学生にとって大切なのは、研究成果よりも各自の成長です。自分の研究テーマと向き合い、技術的問題を発見し、仲間と議論しつつ、解決を試みる…この過程を自分のペースで繰り返すことで、単なるスキルや知識ではなく、技術者としての「体幹」を鍛えます。
手応えを得れば楽しくなり、さらにやる気が出るでしょう。大学院生にもなると、自分で課題を見つけ、自作のプログラムで解析し、自分の意思で論文を発表する学生も現れます。
人には論理的思考が得意な人もいれば、気持ちを理解するのが得意な人、五感や直観に優れた人もいます。技術者にも、技術の数理的内容に深い理解を得るタイプや、交渉・協働やマネジメントが得意なタイプがいます。ある専門用語について学ぶにも、論文から動画まで、今や様々な方法があります。
指導教員や仲間と一緒に研究する過程で、少しずつ、技術者としての自分のタイプ・適性が見えてきます。

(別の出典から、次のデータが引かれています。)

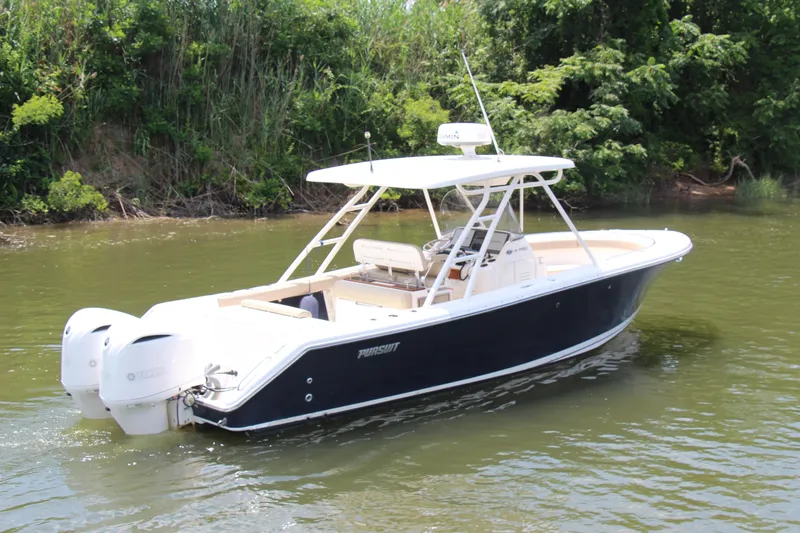 Slide: The Image of 2016 Pursuit S 280 Sport boat on calm water, surrounded by lush greenery. - 2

現在のメインテーマとして、ドローンで撮った写真から地形を測量する技術(UAV写真測量)を研究しています。どのように撮ってどのように解析すれば、効率的かつ高精度に地形が測れるのかを、現地実験やシミュレーションを使って調べています。
成果のみならず研究体験を有意義なものとするため、いたずらに実験や解析を振り回すことは避け、原理と基礎の理解を大切に、深みのある研究を志しています。得た知見は技術ノートで随時発信しており、全国の技術者・研究者の方々に、役立ったとの声をいただいています。
衛星画像で海岸・川の水深マップを作ったり、カメラで川の汚染を監視したりする遠隔計測の技術も研究しています。衛星画像による水深マッピングは、広域の地形を簡便に知ることができ、サンゴ礁などの保全のための基礎データを得るために有用です。この技術では、今では一般的になった空間統計学との融合アプローチを世界に先駆けて提案するとともに、国内外の宇宙機関と連携してきた実績があります。

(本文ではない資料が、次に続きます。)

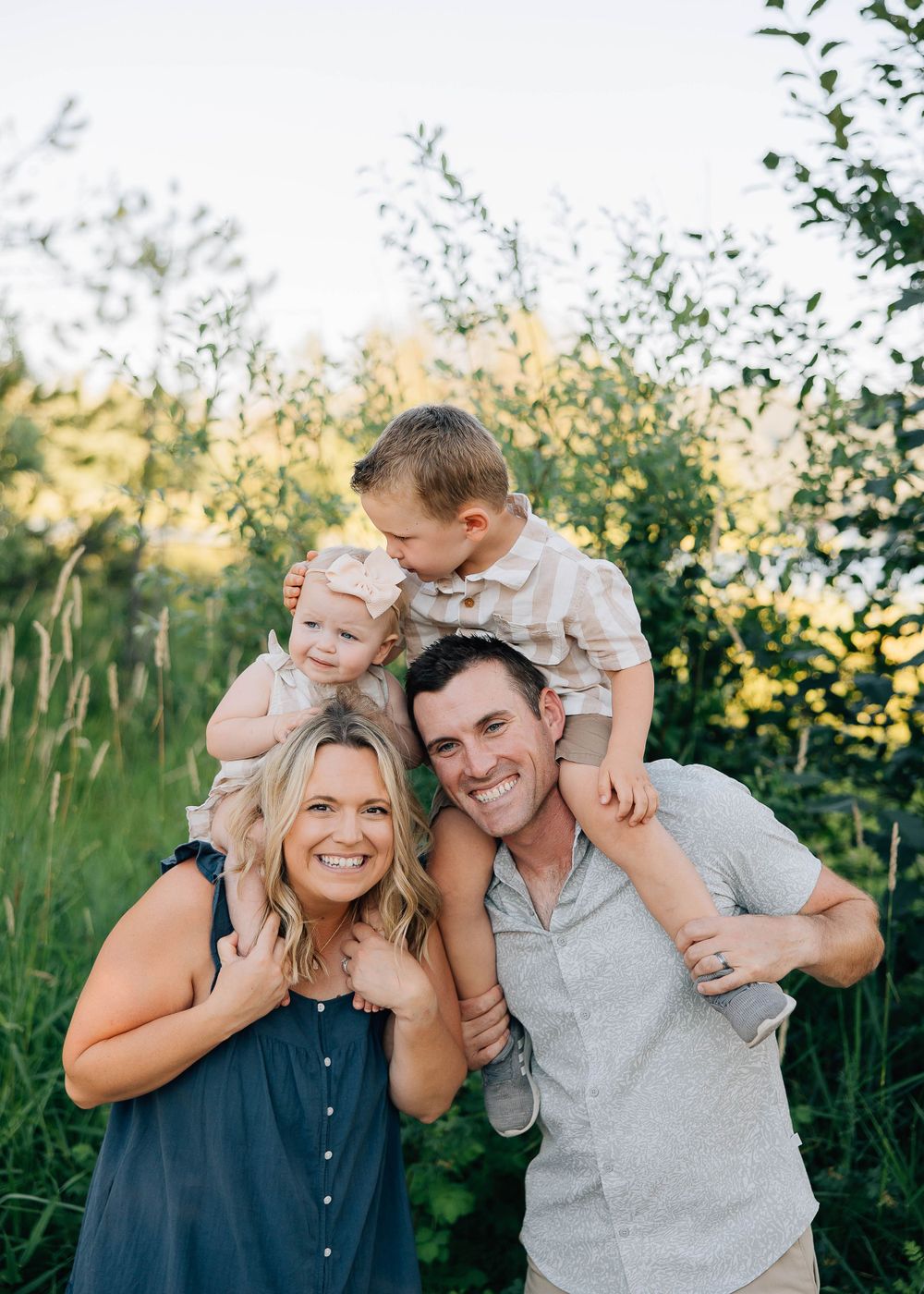 A loving family portrait outdoors with natural backlight and greenery during golden hour.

データサイエンス・機械学習・AIと言われるものを使いますが、うわべだけの利用は避け、学生がその気ならば、本質的理解を重視します。
毎週、5研究室からなる環境工学グループのゼミに参加します。そこではプレゼン・ディスカッション・情報収集など、現代の技術者に必須の様々な能力を育むとともに、水環境・水処理・廃棄物など、地域・地球環境を守るための研究に関わることができます。

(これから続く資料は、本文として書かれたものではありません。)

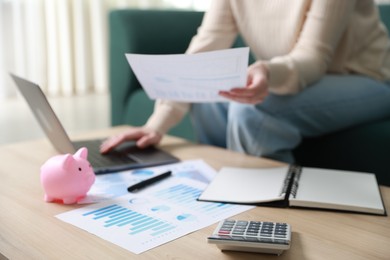 Photo of Budget. Woman with calculator, paperwork and laptop at wooden desk indoors, closeup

また技術を活かして、環境に関する研究を直接実施することもあり、過去には海外熱帯泥炭地での環境調査、日射量経年変動の解析、大気汚染予測システムの開発などに携わっています。
工学は、人間社会に「役立つ」技術や知識を生む活動です。太古より連綿と続いてきたことから、善悪はともかく、人間がやめられない本能的な営みだと思われます。
工学部の皆さんは、社会に出て技術者(技術を実務に使う人)になる前に、 研究室で研究者(技術を生む人)を体験することで、 技術に関する本質的学びを得ます。その深さと皆さんの良識が、これからの社会を支えていきます。
大学院では、マイペースでより深く自由に研究できます。また、研究や民間企業などとの協働の経験により、学部時代より自他を「見る目」が育つため、自分の就職先をよりしっかりと見極めることができます。企業などが書いた論文も読みこなし、第一志望の判断材料に活かせます。
研究テーマは力を養う題材に過ぎず、就職先がそれに制約されることはありません。大学院修了生は、コンサルタント、高速道路会社、自治体など、建設業界の様々な場所で活躍しています。